Open-Ended Complexity:
Within the wide common background, the stories should have a variety of settings in both space and time. Overlaps in chronology are important, so that although some of the tales should form a consecutive sequence, others should be happening simultaneously in different locations. We want a real lattice, rather than just a string, of events. The Foundation series is a consecutive string, but fortunately the other Future History authors I have mentioned give us simultaneous tales as well.
And there should be a variety of overlaps in dramatis personae, somewhere between the one extreme of each story having its own unique cast of characters, so that no character appear in more than one (this leads to insufficient connectivity) and the other extreme of having the same character appearing in all the stories (this excessively restricts the range of the whole, to what that one central character can do). James Schmitz got it exactly right.
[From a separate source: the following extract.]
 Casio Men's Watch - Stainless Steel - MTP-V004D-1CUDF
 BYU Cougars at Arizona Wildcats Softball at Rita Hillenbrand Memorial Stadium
In the Hub universe you frequently find the same characters appearing in more than one story, but also you find plenty of “solitaries”. I would go so far as to say that if the same main character stars in all the stories, a series can hardly count as a Future History, though it may (like Jack Vance’s five Demon Princes books) be a rivetingly good read. Niven, and Cordwainer Smith, like Schmitz, get it right. In his Known Space universe Niven gives us more than one sub-series starring characters who survive through several tales – notably Beowulf Shaeffer who is the hero of five of them. In the Instrumentality saga Smith gives us several separate appearances of the cat-girl C’Mell, the reformer Lord Jestocost and the quester Casher O’Neill. Again, we want to feel we’re in a crowd, or, if you prefer, a forest, of options. It’s a good sign, therefore, if you can’t immediately call to mind how many tales a series has and how many characters appear more than once. It means it has grown satisfyingly ramshackle.
The ideal Future History should also contain cultural complexity. This is not Asimov’s forte, nor Heinlein’s, though the works of both are multi-political, rich in diverse regimes (especially Heinlein). Niven does better in the cultural area, and apart from human variation he has interesting alien civilizations interacting with ours. Poul Anderson does this too, and his series in particular has an open-ended sprawl of hugeness, looseness and multicultural variety. Schmitz is just about his equal in this respect, though his output is unfortunately not so large. Cordwainer Smith is hard to assess — he is so matchlessly good at suggesting more than he lets on, it’s hard to keep track of the actual content of his stories: it’s as though he gives you the key to his unfinished work and lets you dream the rest of it for yourself.
If the work of Jack Vance fitted the bill in other ways, his talent for portraying cultural complexity would make him perhaps the best living writer of Future Histories. However his Gaean Reach novels, though they share a common background, are scattered so widely across that vast setting, that they are unrelated to one another, and there is no sense of chronological sequence or historical development of the Gaean Reach as a whole. (Not that I would want Vance as a writer to be other than he is.)